Actually, you can remove an item from the middle of a heap without trouble.

The idea is to take the last item in the heap and, starting from the current position (i.e. the position that held the item you deleted), sift it up if the new item is greater than the parent of the old item. If it's not greater than the parent, then sift it down.

That's the procedure for a max heap. For a min heap, of course, you'd reverse the greater and less cases.

Finding an item in a heap is an O(n) operation, but if you already know where it is in the heap, removing it is O(log n).

I published a heap-based priority queue for DevSource a few years back. The full source is at http://www.mischel.com/pubs/priqueue.zip

Update

Several have asked if it's possible to move up after moving the last node in the heap to replace the deleted node.
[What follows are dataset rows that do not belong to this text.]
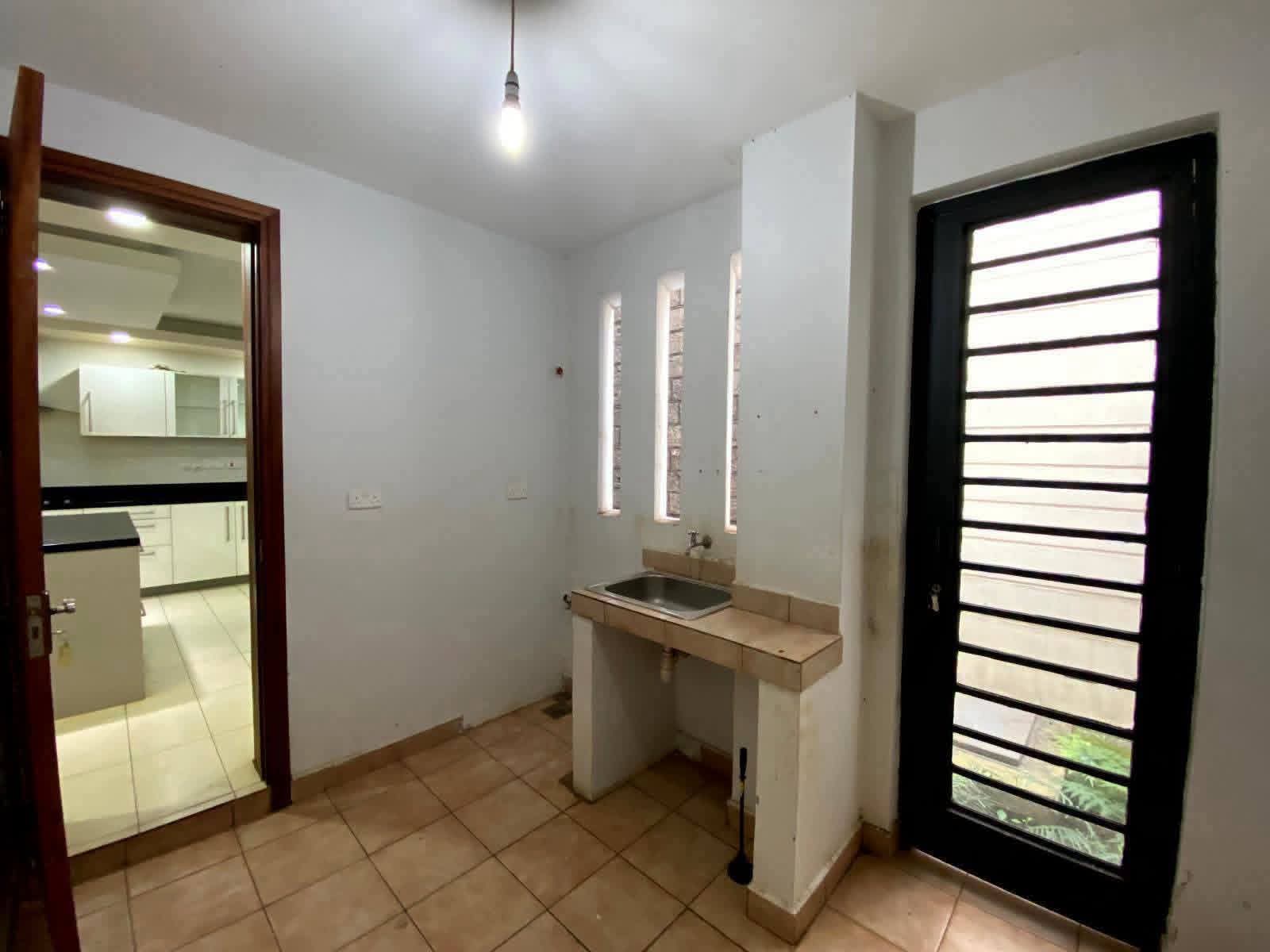 5 Bedroom House for Rent in Spring Valley, Westlands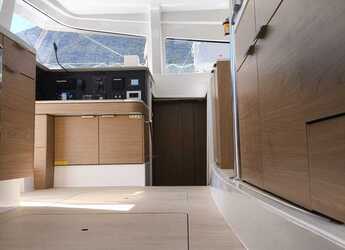 Alquilar catamarán en Nidri Marine - Bali 4.2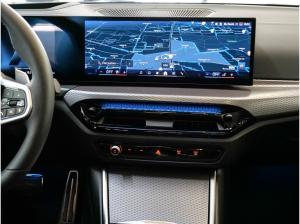 BMW 330 330i xDrive M-Sport Aut Nav HuD LED h&k Glasd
Consider this heap:

        1
    6       2
  7   8   3

If you delete the node with value 7, the value 3 replaces it:

        1
    6       2
  3   8

You now have to move it up to make a valid heap:

        1
    3       2
  6   8

The key here is that if the item you're replacing is in a different subtree than the last item in the heap, it's possible that the replacement node will be smaller than the parent of the replaced node.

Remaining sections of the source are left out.